Since this is not the case for the skywater data, we will have to rearrange the measurement data. 

So, in the first step the raw data is sorted so that every folder holds data for one physical device.

"""
import shutil
import re
import numpy as np
from pathlib import Path
from DMT.core import DutMeas, DutType, DocuDutLib, DutLib, specifiers, sub_specifiers, Plot

path_to_dmt_core = Path(__file__).resolve().parent.parent.parent.parent
# assume Skywater data is at this location relative to DMT-core:
path_to_git = path_to_dmt_core.parent.parent / "skywater-pdk-sky130-raw-data-main"
path_to_cells = path_to_git / "sky130_fd_pr" / "cells"

# sort the measurement data files into folders using shutil
for child in path_to_cells.glob("*/" * (2)):
    if (
        child.is_file()
    ):  # only files are allowed since directories are created this does not interfere
        device_name = child.stem[: child.stem.find("_ID")]
        target_folder = child.parent / device_name
        target_folder.mkdir(exist_ok=True)
        shutil.move(child, target_folder / child.name)


# Create a DutLib object that stores measurement data
lib_save_dir = path_to_dmt_core / "test" / "tmp" / "skywater130_lib"
lib = DutLib(save_dir=lib_save_dir, force=True)
lib.wafer = "MPW-5"


# to import all data at once, DutLib offers the import_directory method.

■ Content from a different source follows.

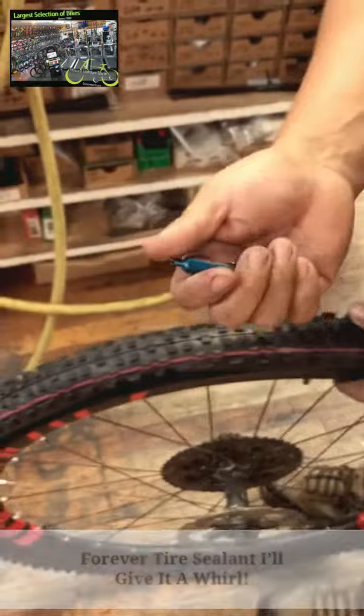I'm gonna put a fresh valve core in there also. That's where you close your ears. There it was.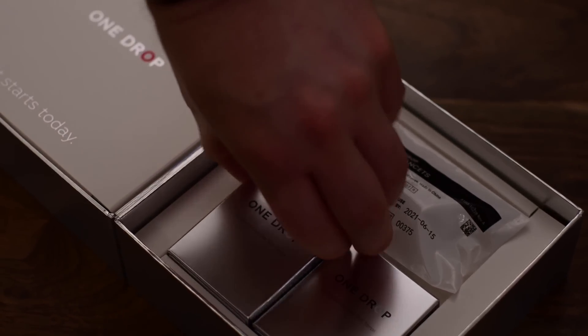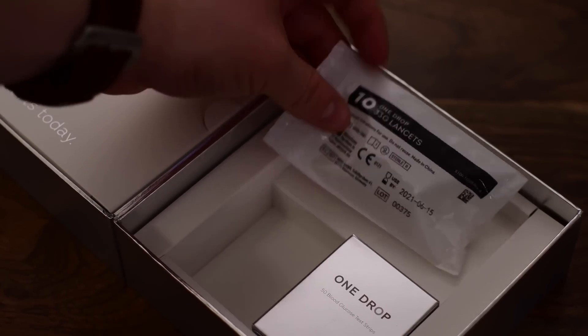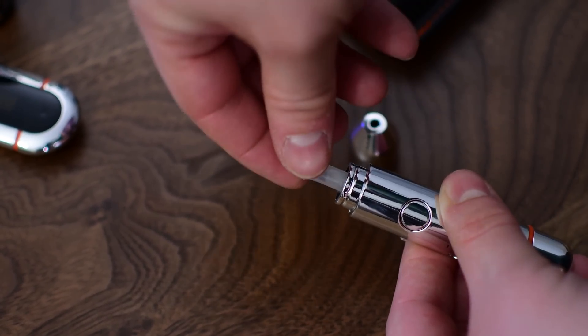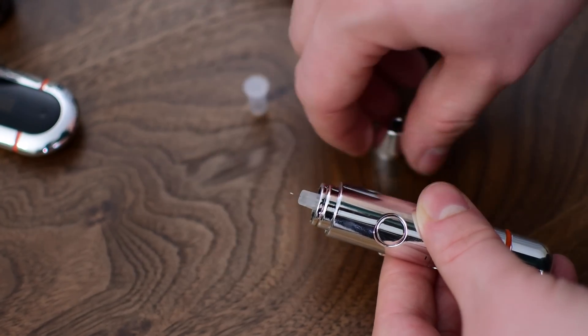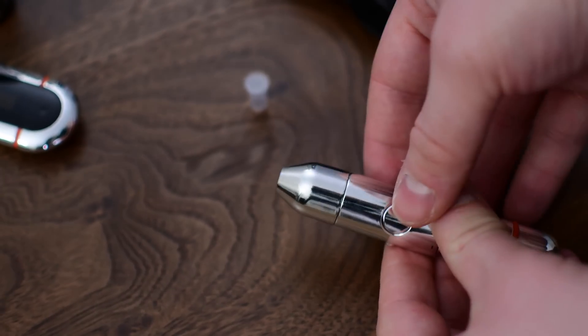There are also two boxes of test strips — each box has one vial, and each vial contains 50, so you have 100 total strips that come with the kit. But if you do sign up for the subscription service, aside from the meter, you will also get unlimited test strips as you use them, and they'll automatically start to send you more. The lancing device is not my absolute favorite one out there, but it definitely gets the job done and works really nicely in this package.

This method needs a custom filter function to create the correct DutViews that store device-related information.
def filter_dut(dut_name):
    """Create DutView objects from the different folder names.

    Parameters
    ----------
    dut_name : str
        Path to the dut folder.

    Returns
    -------
    :class:`~DMT.core.dut_view.DutView`
        DutView which should represent the device represented by a folder of measurements.
    """
    dut_path = Path(dut_name)
    dut_name = dut_path.parent.name
    width = re.search(r"_w([\dp]+)u_", dut_path.name, re.MULTILINE).group(1)
    width = float(width.replace("p", ".")) * 1e-6
    length = re.search(r"_l([\dp]+)u_", dut_path.name, re.MULTILINE).group(1)
    length = float(length.replace("p", ".")) * 1e-6
    dut_type = DutType.n_mos if "nfet" in dut_name else DutType.p_mos
    multiplication_factor = int(re.search(r"_m([\d]+)\(", dut_path.name, re.MULTILINE).group(1))
    module_name = int(re.search(r"\((\d+)_", dut_path.name, re.MULTILINE).group(1))
    contacts = re.search(r"_m[\d]+\((.+)", dut_path.name, re.MULTILINE).group(1)
    flavor = dut_name

    dut = DutMeas(
        database_dir=path_to_dmt_core / "test" / "tmp",
        dut_type=dut_type,
        force=True,
        wafer="MPW-5",
        die=module_name,
        width=width,
        length=length,
        contact_config="SGD",
        name=dut_path.parent.name,
        reference_node="S",
        ndevices=multiplication_factor,
        flavor=flavor,
    )
    dut.contact_info = contacts.replace("_", " ")

    return dut


# To correctly assign each measurement a key in the database, the temperature_converter function is passed to import_directory for generating keys:
def key_generator(key_part):
    """The intended use is to allow different ways of temperature notice in the measurement name/key.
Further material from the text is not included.